» EXERCISE DETAILS
Write out the lines from the top of the material through the line with "The horsetail grows", exactly and with nothing added.
##### DATA TO EXAMINE
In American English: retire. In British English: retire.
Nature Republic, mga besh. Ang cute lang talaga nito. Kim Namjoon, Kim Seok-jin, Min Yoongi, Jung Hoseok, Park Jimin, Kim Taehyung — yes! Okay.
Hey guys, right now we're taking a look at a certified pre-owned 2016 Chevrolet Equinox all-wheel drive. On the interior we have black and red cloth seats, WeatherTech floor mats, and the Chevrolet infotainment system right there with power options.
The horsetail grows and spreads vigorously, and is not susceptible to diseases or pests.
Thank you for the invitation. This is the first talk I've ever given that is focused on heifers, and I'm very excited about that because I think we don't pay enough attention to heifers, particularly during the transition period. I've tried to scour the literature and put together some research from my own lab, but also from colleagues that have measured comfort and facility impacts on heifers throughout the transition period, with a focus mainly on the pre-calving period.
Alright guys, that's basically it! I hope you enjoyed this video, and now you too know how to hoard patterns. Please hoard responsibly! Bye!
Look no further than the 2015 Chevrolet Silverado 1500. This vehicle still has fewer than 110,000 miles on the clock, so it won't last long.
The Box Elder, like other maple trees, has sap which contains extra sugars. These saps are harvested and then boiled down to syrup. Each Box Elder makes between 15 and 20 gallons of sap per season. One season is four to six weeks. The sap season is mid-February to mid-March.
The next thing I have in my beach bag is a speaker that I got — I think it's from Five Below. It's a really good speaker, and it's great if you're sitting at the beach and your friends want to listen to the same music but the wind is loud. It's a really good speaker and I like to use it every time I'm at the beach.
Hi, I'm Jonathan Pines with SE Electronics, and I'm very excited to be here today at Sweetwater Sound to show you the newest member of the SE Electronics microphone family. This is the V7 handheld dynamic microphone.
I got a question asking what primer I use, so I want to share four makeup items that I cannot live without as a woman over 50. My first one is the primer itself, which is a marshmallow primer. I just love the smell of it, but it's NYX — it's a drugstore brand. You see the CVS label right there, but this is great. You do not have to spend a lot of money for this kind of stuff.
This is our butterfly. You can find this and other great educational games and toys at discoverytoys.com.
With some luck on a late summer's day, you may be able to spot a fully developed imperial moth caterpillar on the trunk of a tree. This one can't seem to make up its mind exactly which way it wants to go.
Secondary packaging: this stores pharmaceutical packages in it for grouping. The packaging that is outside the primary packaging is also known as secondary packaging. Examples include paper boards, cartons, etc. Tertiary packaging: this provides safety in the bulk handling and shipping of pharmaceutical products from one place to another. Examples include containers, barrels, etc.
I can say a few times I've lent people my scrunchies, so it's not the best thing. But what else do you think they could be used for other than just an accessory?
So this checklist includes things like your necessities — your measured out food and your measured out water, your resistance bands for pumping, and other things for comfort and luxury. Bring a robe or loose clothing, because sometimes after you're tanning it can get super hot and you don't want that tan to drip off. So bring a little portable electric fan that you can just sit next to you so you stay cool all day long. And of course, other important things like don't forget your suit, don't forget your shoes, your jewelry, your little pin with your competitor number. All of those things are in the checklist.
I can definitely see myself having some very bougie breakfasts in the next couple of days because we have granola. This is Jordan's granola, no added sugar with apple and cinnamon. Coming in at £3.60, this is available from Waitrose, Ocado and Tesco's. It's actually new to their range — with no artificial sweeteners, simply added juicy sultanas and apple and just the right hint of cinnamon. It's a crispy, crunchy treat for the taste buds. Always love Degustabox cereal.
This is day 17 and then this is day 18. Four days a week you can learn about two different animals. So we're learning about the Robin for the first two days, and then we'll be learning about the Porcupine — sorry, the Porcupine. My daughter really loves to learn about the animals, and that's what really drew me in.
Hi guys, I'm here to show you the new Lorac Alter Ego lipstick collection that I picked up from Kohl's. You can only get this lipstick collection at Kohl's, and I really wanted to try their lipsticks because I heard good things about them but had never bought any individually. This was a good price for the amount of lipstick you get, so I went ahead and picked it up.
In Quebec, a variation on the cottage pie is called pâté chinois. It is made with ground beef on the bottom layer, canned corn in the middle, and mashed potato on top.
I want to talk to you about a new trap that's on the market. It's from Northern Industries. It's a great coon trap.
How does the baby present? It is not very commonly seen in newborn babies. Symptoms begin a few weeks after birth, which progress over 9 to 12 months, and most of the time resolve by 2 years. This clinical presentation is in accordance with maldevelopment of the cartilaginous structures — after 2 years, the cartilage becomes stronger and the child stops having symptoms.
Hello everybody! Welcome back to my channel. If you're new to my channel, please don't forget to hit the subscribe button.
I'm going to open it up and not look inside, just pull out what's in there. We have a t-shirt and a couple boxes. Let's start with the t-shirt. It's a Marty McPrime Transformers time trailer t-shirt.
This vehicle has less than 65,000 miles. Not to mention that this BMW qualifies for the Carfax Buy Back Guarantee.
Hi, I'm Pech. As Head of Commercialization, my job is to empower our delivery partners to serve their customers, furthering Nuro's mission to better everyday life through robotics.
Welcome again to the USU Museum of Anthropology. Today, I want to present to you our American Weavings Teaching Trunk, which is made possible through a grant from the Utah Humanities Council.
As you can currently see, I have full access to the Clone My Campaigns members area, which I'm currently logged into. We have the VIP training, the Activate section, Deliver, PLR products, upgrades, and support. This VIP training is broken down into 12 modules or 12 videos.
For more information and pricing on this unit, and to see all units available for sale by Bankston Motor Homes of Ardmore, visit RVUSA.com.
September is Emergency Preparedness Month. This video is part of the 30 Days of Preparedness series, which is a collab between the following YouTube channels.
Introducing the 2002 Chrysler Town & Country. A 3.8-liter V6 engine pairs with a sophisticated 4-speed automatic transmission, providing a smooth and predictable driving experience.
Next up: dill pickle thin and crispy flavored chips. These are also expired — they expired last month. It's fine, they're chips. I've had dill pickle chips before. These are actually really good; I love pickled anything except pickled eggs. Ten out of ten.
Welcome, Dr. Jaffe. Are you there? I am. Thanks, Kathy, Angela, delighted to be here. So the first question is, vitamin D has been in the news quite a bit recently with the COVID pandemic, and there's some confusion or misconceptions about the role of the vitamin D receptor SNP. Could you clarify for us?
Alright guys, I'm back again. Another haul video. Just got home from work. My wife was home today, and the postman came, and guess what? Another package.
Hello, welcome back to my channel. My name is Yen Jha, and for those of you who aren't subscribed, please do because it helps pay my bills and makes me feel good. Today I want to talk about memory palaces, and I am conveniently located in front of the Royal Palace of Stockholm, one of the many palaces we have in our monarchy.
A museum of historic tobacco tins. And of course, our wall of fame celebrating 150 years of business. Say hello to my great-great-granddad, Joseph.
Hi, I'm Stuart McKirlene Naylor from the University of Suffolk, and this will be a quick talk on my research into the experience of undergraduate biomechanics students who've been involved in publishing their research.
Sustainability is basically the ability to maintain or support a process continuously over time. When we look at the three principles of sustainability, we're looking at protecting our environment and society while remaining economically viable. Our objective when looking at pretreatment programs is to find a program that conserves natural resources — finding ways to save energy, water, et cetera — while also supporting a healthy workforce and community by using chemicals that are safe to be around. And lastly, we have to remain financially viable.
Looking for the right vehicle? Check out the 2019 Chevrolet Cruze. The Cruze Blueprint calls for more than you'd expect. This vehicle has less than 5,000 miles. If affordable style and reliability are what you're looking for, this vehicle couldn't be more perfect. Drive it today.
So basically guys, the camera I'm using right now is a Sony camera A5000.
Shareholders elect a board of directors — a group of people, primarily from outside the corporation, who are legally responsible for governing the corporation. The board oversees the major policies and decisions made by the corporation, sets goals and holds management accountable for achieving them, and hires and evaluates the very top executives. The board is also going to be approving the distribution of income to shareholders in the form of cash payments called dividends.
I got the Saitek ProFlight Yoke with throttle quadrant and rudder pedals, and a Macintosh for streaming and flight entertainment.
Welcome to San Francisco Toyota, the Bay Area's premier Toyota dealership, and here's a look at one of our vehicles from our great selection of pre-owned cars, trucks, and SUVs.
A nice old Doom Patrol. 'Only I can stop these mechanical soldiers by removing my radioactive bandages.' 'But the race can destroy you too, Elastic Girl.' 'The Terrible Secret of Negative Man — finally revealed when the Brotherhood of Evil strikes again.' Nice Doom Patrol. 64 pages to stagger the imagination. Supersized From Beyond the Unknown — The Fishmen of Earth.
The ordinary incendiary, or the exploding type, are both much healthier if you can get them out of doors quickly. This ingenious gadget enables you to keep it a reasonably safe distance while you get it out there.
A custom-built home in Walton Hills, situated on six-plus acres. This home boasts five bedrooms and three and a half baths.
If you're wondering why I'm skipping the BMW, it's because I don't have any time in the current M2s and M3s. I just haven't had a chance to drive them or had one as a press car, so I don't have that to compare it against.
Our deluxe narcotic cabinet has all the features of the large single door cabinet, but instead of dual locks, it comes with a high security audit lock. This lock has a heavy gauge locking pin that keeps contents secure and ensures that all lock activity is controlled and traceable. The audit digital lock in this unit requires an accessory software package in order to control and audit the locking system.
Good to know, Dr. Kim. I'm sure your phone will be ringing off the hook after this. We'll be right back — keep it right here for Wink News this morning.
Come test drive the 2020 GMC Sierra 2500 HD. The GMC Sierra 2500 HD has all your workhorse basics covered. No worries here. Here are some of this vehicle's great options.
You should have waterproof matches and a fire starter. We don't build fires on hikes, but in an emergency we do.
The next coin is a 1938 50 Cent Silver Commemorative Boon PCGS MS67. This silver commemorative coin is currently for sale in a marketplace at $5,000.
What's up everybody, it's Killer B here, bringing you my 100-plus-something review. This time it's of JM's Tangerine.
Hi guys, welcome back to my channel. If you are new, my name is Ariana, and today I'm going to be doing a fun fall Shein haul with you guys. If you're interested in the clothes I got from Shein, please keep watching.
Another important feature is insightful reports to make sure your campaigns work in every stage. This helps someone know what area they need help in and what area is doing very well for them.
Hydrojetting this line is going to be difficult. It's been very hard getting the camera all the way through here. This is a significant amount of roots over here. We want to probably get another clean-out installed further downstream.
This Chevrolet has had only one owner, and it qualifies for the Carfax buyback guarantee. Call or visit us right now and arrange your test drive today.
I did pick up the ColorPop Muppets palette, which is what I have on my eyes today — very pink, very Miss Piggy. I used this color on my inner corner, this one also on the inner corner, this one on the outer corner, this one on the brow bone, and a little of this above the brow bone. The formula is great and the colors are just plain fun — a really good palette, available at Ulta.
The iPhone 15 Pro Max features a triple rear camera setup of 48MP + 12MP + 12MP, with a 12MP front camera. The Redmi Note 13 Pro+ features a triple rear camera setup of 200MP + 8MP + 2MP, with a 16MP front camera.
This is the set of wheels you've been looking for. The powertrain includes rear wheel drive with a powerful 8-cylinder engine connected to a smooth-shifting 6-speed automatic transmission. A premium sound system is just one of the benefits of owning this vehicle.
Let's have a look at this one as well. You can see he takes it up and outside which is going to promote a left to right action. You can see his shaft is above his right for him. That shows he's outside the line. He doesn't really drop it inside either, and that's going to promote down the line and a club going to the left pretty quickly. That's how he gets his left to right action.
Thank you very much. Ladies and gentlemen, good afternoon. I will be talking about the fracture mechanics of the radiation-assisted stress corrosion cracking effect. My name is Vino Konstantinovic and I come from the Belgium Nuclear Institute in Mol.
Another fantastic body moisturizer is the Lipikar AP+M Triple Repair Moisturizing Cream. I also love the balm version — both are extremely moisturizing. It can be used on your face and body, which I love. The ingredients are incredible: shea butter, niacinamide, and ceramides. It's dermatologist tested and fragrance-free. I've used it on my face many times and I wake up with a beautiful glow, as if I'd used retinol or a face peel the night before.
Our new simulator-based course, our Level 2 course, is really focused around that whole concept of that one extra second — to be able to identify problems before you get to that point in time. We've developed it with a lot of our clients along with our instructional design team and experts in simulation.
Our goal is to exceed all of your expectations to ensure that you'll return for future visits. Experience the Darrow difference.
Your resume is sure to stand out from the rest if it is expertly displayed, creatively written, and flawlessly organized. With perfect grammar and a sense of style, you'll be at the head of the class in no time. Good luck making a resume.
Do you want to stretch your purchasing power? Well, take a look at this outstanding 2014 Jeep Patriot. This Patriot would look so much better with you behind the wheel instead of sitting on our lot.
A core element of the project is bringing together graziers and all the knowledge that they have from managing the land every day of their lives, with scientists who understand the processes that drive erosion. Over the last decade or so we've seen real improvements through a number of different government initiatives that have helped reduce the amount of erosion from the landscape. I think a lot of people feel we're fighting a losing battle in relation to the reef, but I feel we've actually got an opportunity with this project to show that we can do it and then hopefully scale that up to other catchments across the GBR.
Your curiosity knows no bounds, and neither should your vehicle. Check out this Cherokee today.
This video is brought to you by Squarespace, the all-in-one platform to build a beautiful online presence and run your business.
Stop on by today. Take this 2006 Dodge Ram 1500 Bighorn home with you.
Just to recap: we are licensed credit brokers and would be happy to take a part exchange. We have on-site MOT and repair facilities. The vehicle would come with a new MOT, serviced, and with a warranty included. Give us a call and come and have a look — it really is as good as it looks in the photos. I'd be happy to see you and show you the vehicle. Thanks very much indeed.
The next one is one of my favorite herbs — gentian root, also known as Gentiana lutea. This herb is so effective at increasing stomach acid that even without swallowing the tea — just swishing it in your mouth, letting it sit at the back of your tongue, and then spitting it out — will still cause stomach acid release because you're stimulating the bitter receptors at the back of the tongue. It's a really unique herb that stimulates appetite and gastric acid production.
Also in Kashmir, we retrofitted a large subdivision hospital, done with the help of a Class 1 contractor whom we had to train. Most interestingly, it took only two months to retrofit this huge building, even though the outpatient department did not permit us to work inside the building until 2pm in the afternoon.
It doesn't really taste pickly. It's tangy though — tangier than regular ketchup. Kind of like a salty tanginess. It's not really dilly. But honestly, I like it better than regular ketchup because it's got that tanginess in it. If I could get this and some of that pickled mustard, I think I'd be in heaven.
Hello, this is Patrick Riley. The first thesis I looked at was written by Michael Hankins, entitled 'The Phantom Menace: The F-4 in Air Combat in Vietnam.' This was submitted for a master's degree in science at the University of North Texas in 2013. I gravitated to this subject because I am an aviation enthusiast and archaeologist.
##########
» YOUR RESPONSE
In American English: retire. In British English: retire.
Nature Republic, mga besh. Ang cute lang talaga nito. Kim Namjoon, Kim Seok-jin, Min Yoongi, Jung Hoseok, Park Jimin, Kim Taehyung — yes! Okay.
Hey guys, right now we're taking a look at a certified pre-owned 2016 Chevrolet Equinox all-wheel drive. On the interior we have black and red cloth seats, WeatherTech floor mats, and the Chevrolet infotainment system right there with power options.
The horsetail grows and spreads vigorously, and is not susceptible to diseases or pests.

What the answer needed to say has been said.